Pengenalan langkah-langkah dasar operasi pengelasan
Langkah 1: Bersiaplah untuk mengelas. Pegang kawat las di tangan kiri Anda dan besi solder di tangan kanan Anda untuk memasuki kondisi persiapan pengelasan. Ujung besi solder harus tetap bersih, bebas dari oksida seperti terak las, dan dilapisi dengan lapisan solder pada permukaannya.
Langkah 2: Memanaskan hasil las. Tempatkan ujung besi solder pada sambungan antara kedua lasan dan panaskan seluruh lasan selama sekitar 1 hingga 2 detik. Saat menyolder komponen pada papan sirkuit tercetak, perhatian harus diberikan agar ujung besi solder bersentuhan dengan dua benda yang akan disolder pada saat yang bersamaan. Kabel dan terminal, kabel komponen dan bantalan harus dipanaskan secara merata pada waktu yang bersamaan.

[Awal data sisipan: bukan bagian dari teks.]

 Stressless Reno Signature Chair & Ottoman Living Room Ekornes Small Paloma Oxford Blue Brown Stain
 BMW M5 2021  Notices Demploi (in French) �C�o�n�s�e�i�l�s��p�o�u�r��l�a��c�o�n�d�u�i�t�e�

Langkah 3: Ketika permukaan pengelasan potongan solder yang dimasukkan ke dalam besi solder dipanaskan hingga suhu tertentu, kawat solder bersentuhan dengan potongan solder dari sisi berlawanan dari besi solder. Catatan: Jangan mengumpankan kawat solder ke ujung besi solder!
Langkah 4: Lepaskan kawat las. Apabila kawat las meleleh dalam jumlah tertentu, segera lepaskan kawat las dengan arah 45 derajat ke kiri atas.

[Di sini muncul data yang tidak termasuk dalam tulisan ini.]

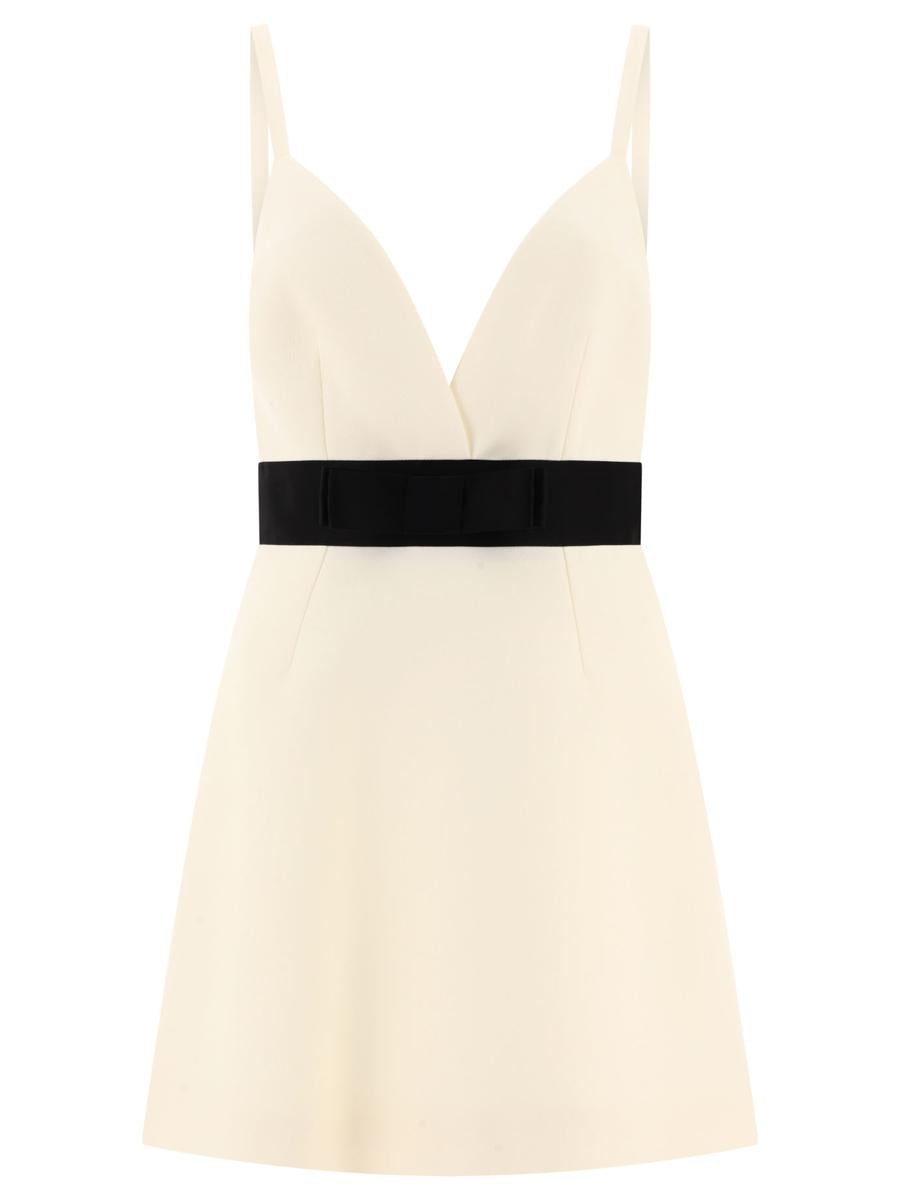 Woolen Dress With Satin Belt And Straps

Langkah 5: Setelah melepas besi solder dan membiarkan solder meresap ke dalam bantalan dan bagian pengelasan pada lasan, lepaskan besi solder dengan arah 45 derajat ke kanan atas untuk mengakhiri pengelasan. Dari awal langkah ketiga hingga akhir langkah kelima, waktunya sekitar 1 hingga 2 detik.

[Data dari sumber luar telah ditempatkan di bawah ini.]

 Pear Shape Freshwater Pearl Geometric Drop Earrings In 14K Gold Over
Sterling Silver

Tindakan pencegahan untuk operasi pengelasan
1. Jaga agar ujung besi solder tetap bersih dan terawat. Saat mengelas, ujung besi solder berada pada suhu tinggi dalam waktu lama dan mudah teroksidasi serta diwarnai dengan lapisan kotoran hitam. Oleh karena itu, pastikan untuk menyeka ujung besi solder dengan spons basah setiap saat. Bila tidak digunakan dalam waktu lama, sebaiknya ditambahkan timah pada ujung besi solder agar ujungnya tidak teroksidasi dan membuat timah tidak bisa menempel.
2. Saat menambah bidang kontak untuk mempercepat perpindahan panas dan pemanasan, sebaiknya seluruh bagian lasan yang memerlukan infiltrasi solder harus dipanaskan secara merata, bukan hanya memanaskan sebagian lasan saja, apalagi menggunakan besi solder untuk meningkatkan tekanan pada bagian tersebut. pengelasan.
3. Evakuasi besi solder memerlukan evakuasi besi solder yang tepat waktu, dan sudut serta arah selama evakuasi terkait dengan pembentukan sambungan solder.
4. Jangan gerakkan solder sampai solder mengeras. Jangan gerakkan atau getarkan hasil pengelasan, karena akan mudah menyebabkan struktur sambungan solder menjadi kendor atau lemah.
5. Jumlah solder harus secukupnya, dan kawat timah harus diisi dengan fluks yang terbuat dari damar dan aktivator.
6. Jumlah fluks harus moderat. Penggunaan fluks rosin yang berlebihan pasti memerlukan penghapusan fluks berlebih setelah pengelasan, memperpanjang waktu pemanasan, dan mengurangi efisiensi kerja. Ketika waktu pemanasan tidak mencukupi, cacat "inklusi terak" mudah terbentuk.
7. Jangan menggunakan ujung besi solder sebagai alat untuk mengangkut solder (solder dengan timah). Beberapa orang terbiasa menggunakan ujung besi solder sebagai alat untuk mengangkut solder untuk menyolder, yang akan menyebabkan oksidasi pada solder.
Karena suhu ujung besi solder umumnya di atas 300 derajat, fluks pada kawat solder rentan terhadap dekomposisi dan kegagalan pada suhu tinggi, dan solder juga dalam keadaan terlalu panas dan berkualitas rendah.